James Wright
I was reading James Wright last night and 2 things occurred to me: (1) I really like Franz Wright, despite his annoying behavior, and I see where he got his mystic naturalism from (2) Originally, I didn't really get him, but now I see what seemed too simple, too "just there," was actually fine crafted and deliberate. I go back to that chapter on Rilke in Stephen Doybn's book of essays, of how Rilke started as a callow artiste, but through hard work, was able to create a fully perfect merging of form and content. I think I'm pretty skeptical of the whole "genius artist" idea, and that it has to take hard work to make something lasting. Sometimes it's just accident, I believe, sometimes I feel the Beats had it right, first said, best said. But in Wright, I can see how years of hard work resulted in poetry that seems easy, but really isn't. Here's a Wright poem anyway:
Depressed by a Book of Bad Poetry, I Walk Toward an Unused
Pasture and Invite the Insects to Join Me
by James Wright
Relieved, I let the book fall behind a stone.
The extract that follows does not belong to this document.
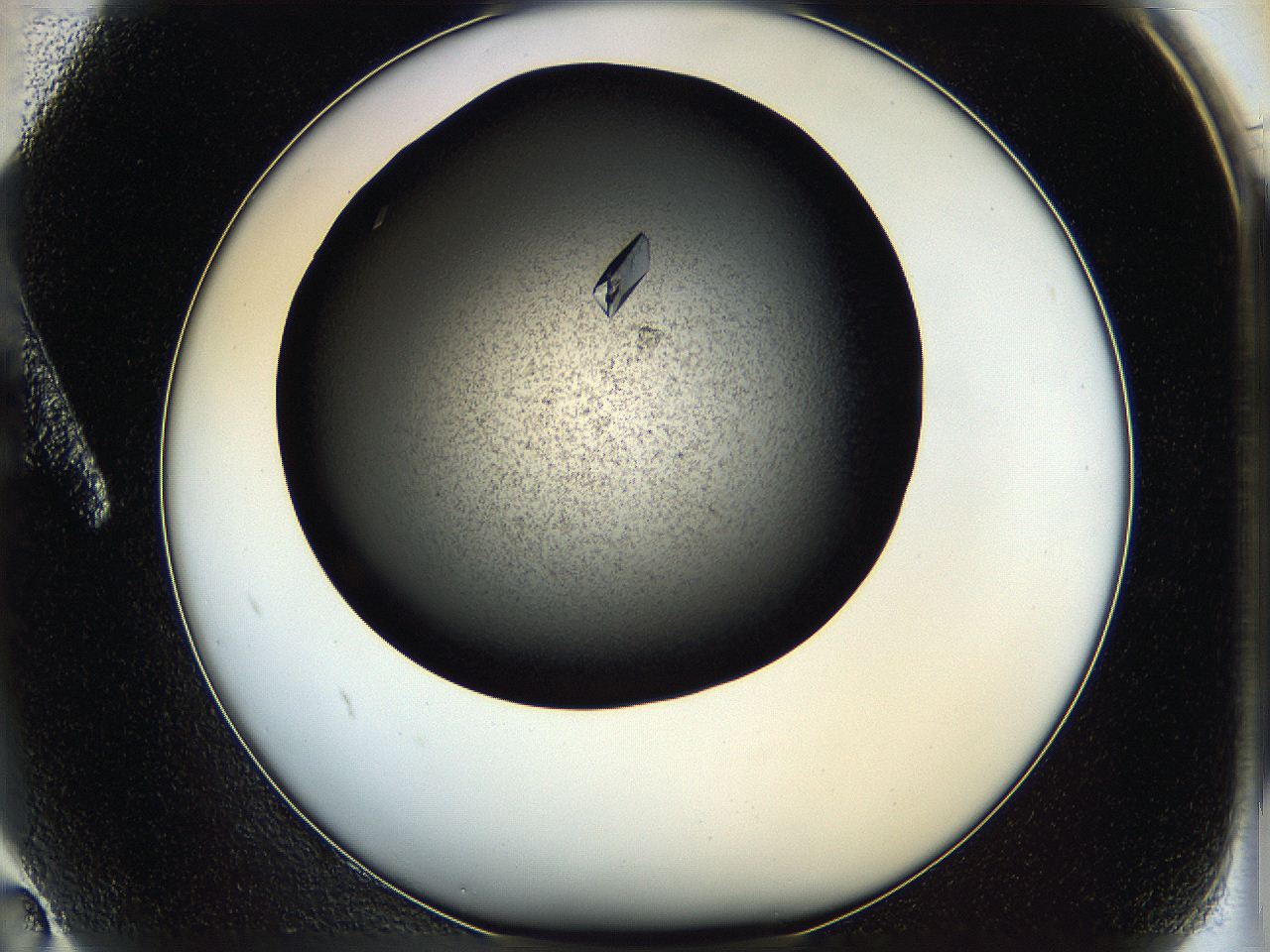 05q4_A2_ImagerDefaults_9.jpg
I climb a slight rise of grass.
I do not want to disturb the ants
Who are walking single file up the fence post,
Carrying small white petals,
Casting shadows so frail that I can see through them.
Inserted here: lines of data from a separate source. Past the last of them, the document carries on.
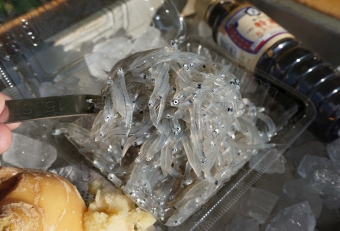早朝の漁から、水揚げ、輸送、そして販売に至るまで、キンキンに冷やした状態をキープしてくれているわけですから、私たちが持ち帰る時も、食卓で口にする時も、キンキンに冷やした状態をキープしておくことが「生シラスを食べる」上でのマナーです。朝獲れのシラスは、その日の昼に（遅くても夕飯までに）食べてください。生シラスを温かいご飯の上にのせて食べるのは絶対にＮＧ！翌日に食べるのもＮＧ！これら鮮度を損なう行為はご法度です。生シラスを食す心得として「地元の朝獲れを、その日のうちに食べる」そう覚えておきましょう。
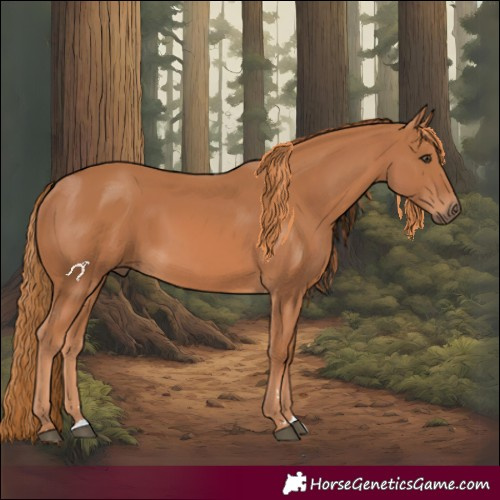 Horse Color:Chestnut 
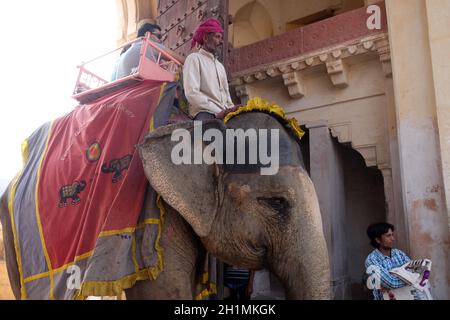 Dekoriert Elefanten tragen Touristen in Amber Fort in Jaipur, Rajasthan, Indien Stockfoto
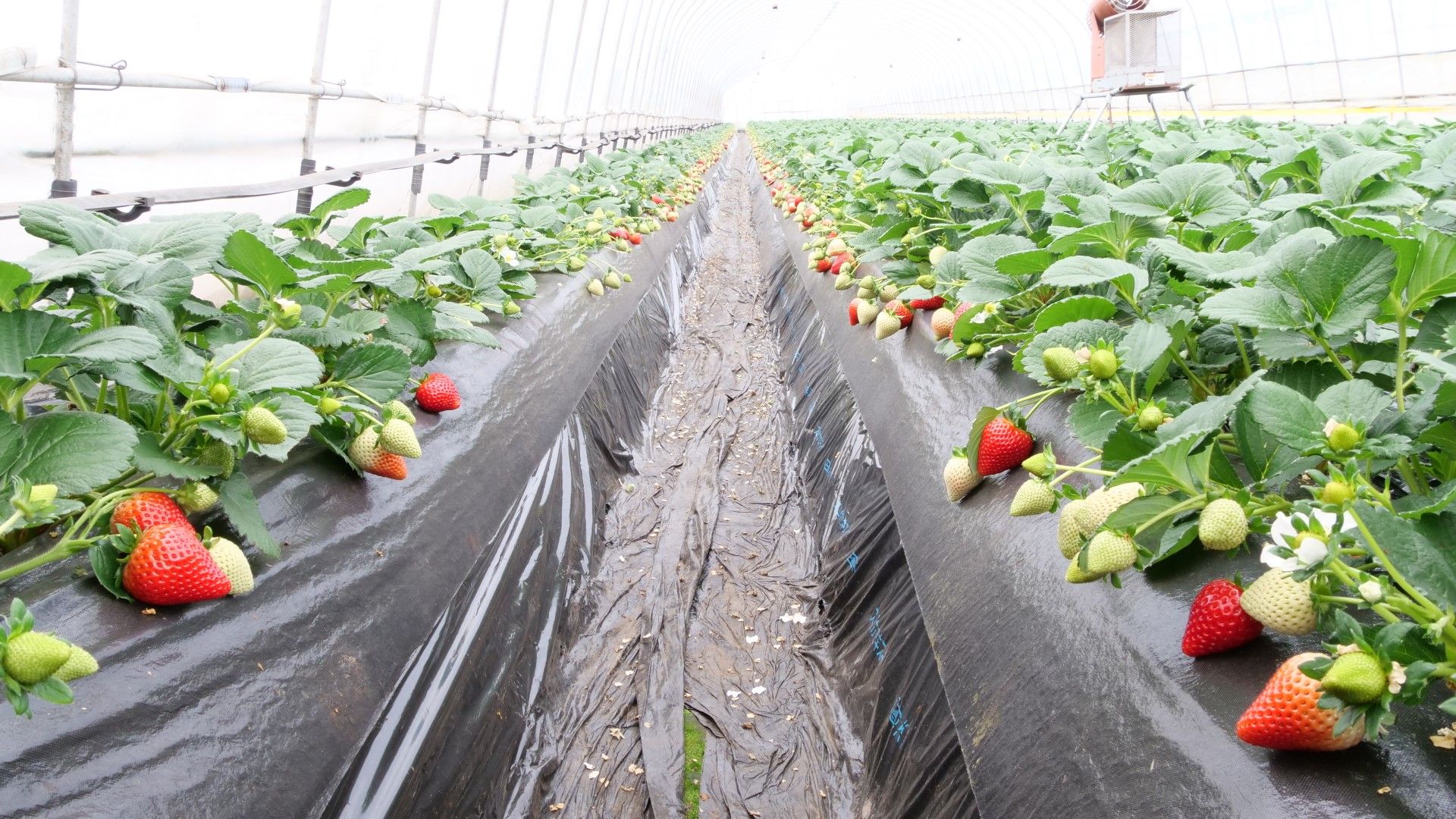 まりちゃんちのいちご畑 井頭観光いちご園内 いちごのまち 栃木県真岡市のいちご狩り いちごスイーツ情報 下野新聞 Soon スーン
I close my eyes for a moment and listen.
The old grasshoppers
Are tired, they leap heavily now,
Their thighs are burdened.
I want to hear them, they have clear sounds to make.
Then lovely, far off, a dark cricket begins
In the maple trees.
2 Comments:
Oh, those burdened thighs.
And the dark cricket.
I haven't read this poem in a while. I think I'll find my Wright and read him tonight.
I've never read Franz. Perhaps, I should.
Thanks for posting this poem.
I'm glad you liked the poem. I should put more up by others, maybe.